After reading all the resources provided to us by our Prof. in this module about assessment planning, construction, reporting and feedback, I must say that I have gained a wider perspective that will equip me in my future endeavors about the topic.
I am actually intrigue about Table of Specifications (TOS), also called test blueprint, a great effective tool in helping out teachers align objectives, instruction and assessments (Five & DiDonato-Barnes, 2013). This indeed caught my attention because as future teacher for I know very well that the content of my test questions has a direct effect on what type of skills was mastered and needs to be achieve by my students in the future. I actually thought that using Bloom’s Taxonomy higher level of thinking (Remember, Understand, Apply, Analyze, Evaluate and Create) is impressive to know as a reference in test constructing and can help teachers in achieving effective assessment. I remember that I used to be very curious with how my teachers construct their exams. I would often ask them on what is their basis when it comes to creating test questions? Is it enough as long as it showed higher level of thinking toward the students? The response that I usually get is that it’s enough as long as it matches what is being taught and tested in class. Yes, this is true but after what I have learned about TOS, I couldn’t help but feel so thrilled in adapting this tool by the time that I am making own test questions in class. It gives me confidence to know that TOS is the tool that increases both the validity and reliability of test if once used.
The second issue that almost of us can relate with and was discussed in this module is about the topic on Feedback. As what I have learned in the modules, there are also issues or concerns being raised about giving assessment feedback. The University of Sydney (n.d.) identified all these five (5); feedback is too late to influence learning, feedback is cryptic, provides no explanation for action, good students miss out, feedback is “one-off”, and feedback is not progressive, preparing feedback is too time-consuming, and giving feedback can be repetitive and unproductive.
As online learner in distance education, feedback is one issue that really bothers me. In this blog, I will raised two issues about this and that are the following: feedback is cryptic and feedback is too late to influence learning. In my own experience, I used to have a teacher in college who would provide feedback in a form of questions like “what’s this?” highlighting some text in my paper which leaves me sometimes an impression of whether or not my what I have done is on positive note or not. This can be really frustrating for it did not help me at all in achieving the desired goal of the course/lesson. Also, one issue that I would like to share most especially in studying in an online education is about receiving feedback that it too late to influence learning. It was in another subject and I worked with a group of people on our final paper. I notice that most of the time, after doing all the submissions and doing the peer assessment, and came the time that the feedback is given about our paper, I feel that my fellow group mates aren’t that interested anymore in discussing about the feedback since we thought that it was too late to discuss after all the assessments and submissions. This actually surprise me since we all know that if we are indeed in a real classroom set-up, then I do think that we can still discuss the feedback that was given to us.

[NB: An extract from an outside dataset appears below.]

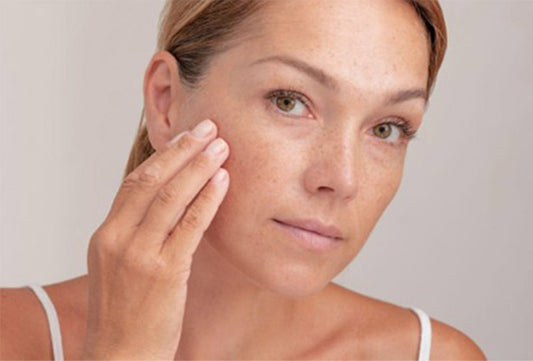 Dark Spots and Pigmentation: How to Identify, Treat, and Prevent Them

With all the concerns that I have raised in this module, I have come to realized that it really boils down to practicing good assessment strategies. Teachers need to be very careful in planning, designing and constructing assessments as this can directly affect the conceptions of what or where students should focus when it comes to the lesson being served. That is why it is also important for teachers and faculty to collaborate together and have constantly re-evaluate their assessment methods for them to help the students identify what are the next steps that they will do to enhance their progress, competence, and confidence in the future.